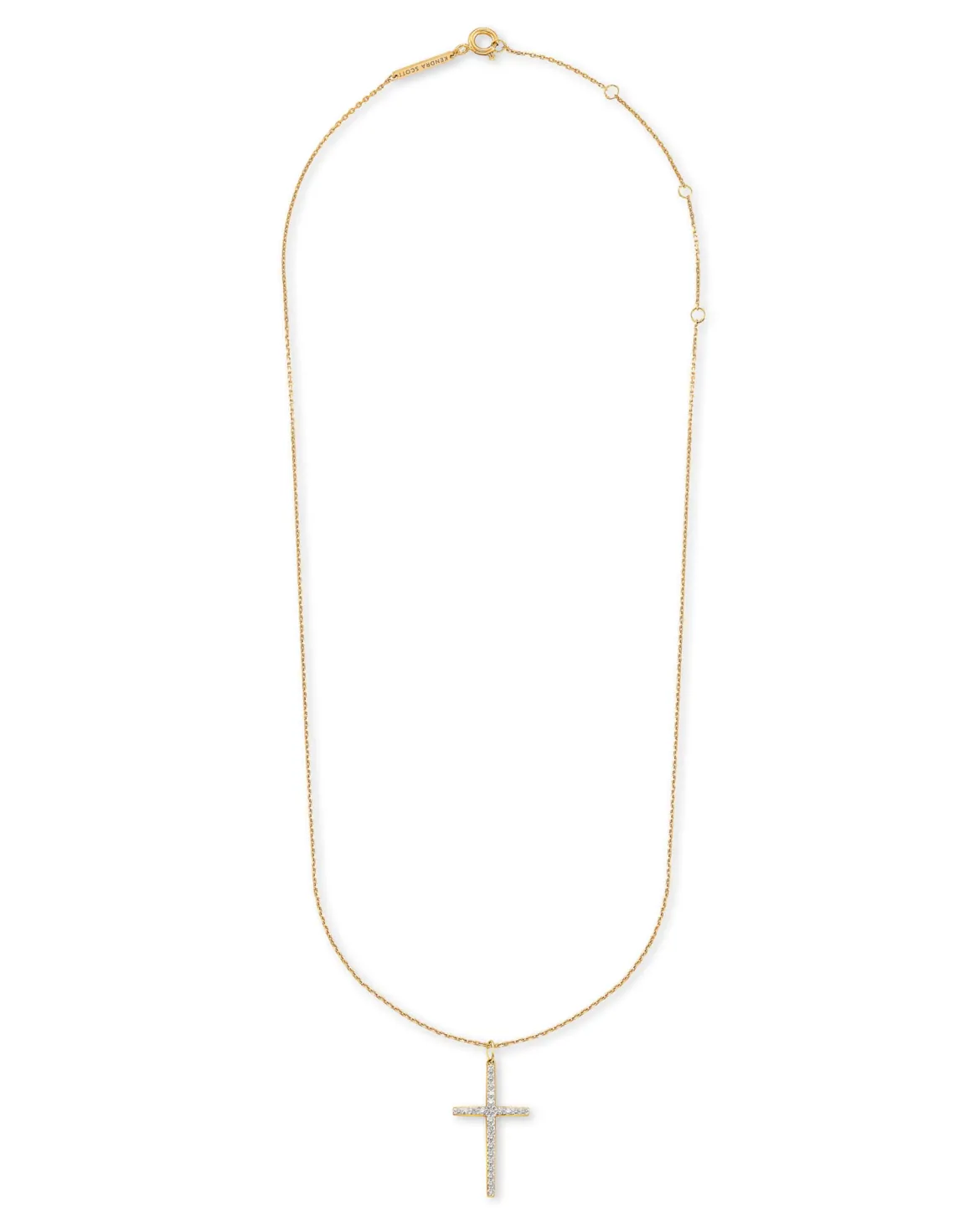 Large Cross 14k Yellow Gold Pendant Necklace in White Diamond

____

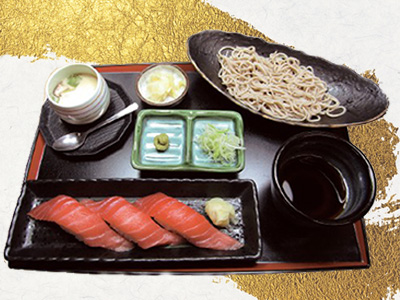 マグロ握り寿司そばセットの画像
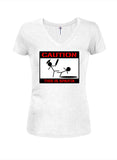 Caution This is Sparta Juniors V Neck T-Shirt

____

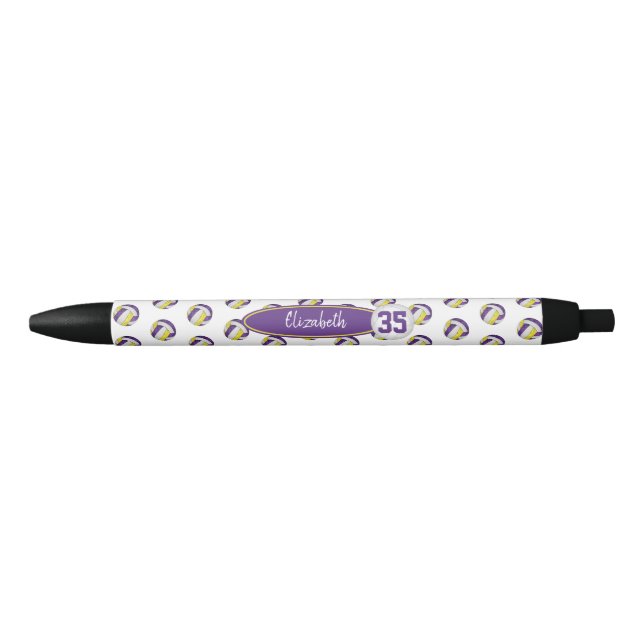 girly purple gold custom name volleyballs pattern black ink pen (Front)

____

§ **TASK TO CARRY OUT**
Exactly as written above, retype the lines starting at the one holding "マグロ握り寿司そばセットの画像" and ending at the one holding "Caution This is", both included, but not the pictures.

§ **RESULT FOR THIS TASK**
 マグロ握り寿司そばセットの画像
 Caution This is Sparta Juniors V Neck T-Shirt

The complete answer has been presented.